However, what is required of YOU may not be easy. If you are in the middle of a life where you have piled credit card debt higher than Everest, it may be a scary journey toward the nearest base camp. But you might say to yourself, "I am not on a course toward any 'base camp.' Hey, I'm not even a climber!" Well, surprise: the act of carrying balances on high-interest credit cards have placed you in a high-stakes adventure where the freedom to sculpt your life creatively, in the pattern of your choosing, is in question. Failure to chart a course to base camp during this expedition may subject you to an unforgiving cold that robs you of your ability to enjoy anything that life has to offer.
Now, as scary as the game of using credit cards - and adjustable rate mortgages - can sound, you CAN win, where "winning" is not filing bankruptcy, losing your home, and generally not becoming enslaved to working and living to paying off bills. Winning boils down to two ingredients: (1) a plan, and (2) some sacrifice.
I know. Big yawn, right? Another tale of simple solutions. Wrong. For those entangled in the credit game, the following approach works.
(1) To produce the plan, you amass paper artifacts that represent your monthly bills. Get the most recent invoices you can find from Verizon, Comcast, the garbage man, the electric company, the gas company (if your stove or fireplace is heated by oil or propane). Remember to pull out insurances for your vehicle or home and divide that number by 6 or 12 depending on the policy coverage period, when you get to the point of writing numbers down anywhere. Also find the receipts for the grocery store for a month - whatever month seems to represent a normal month. Finally, produce a physical monthly statement for all of your bank accounts and credit accounts so you can determine whether you've missed any monthly obligations like magazine or online subscriptions.

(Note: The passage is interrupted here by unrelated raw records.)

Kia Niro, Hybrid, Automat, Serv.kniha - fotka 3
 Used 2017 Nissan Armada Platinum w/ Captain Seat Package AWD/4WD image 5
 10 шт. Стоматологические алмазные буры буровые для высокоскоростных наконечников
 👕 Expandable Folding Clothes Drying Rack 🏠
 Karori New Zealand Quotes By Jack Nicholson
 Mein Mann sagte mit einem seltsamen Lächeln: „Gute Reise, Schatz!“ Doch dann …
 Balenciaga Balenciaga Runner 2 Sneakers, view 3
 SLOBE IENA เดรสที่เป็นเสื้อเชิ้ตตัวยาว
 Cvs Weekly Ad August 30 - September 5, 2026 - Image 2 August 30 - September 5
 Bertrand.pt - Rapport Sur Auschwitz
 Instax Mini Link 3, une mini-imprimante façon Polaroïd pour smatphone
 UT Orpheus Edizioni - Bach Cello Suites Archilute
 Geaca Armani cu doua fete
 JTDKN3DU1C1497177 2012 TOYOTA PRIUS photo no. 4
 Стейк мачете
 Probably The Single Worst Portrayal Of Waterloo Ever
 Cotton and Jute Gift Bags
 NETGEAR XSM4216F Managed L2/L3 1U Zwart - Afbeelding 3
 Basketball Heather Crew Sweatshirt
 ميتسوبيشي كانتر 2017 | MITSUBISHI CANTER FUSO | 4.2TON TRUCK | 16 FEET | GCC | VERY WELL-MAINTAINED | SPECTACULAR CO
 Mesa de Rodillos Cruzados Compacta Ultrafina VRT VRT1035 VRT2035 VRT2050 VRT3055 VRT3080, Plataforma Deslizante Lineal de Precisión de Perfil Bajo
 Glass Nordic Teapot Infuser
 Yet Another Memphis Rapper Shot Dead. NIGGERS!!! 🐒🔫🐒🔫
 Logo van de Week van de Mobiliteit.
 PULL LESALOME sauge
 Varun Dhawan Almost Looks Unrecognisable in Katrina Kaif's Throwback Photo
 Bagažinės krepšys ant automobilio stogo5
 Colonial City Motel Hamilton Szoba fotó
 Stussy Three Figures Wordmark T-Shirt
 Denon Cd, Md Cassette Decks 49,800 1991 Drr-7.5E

Seem like a lot of paper? This is definitely where fewer is better; for the busy person, possessing too many accounts often results in too little oversight. If you have time to keep track of it all, and there's benefit like shifting money between higher-yield and lower-yield accounts in the course of paying bills, keep the system. If you don't have the time or interest (and be honest with yourself about it), consider closing accounts.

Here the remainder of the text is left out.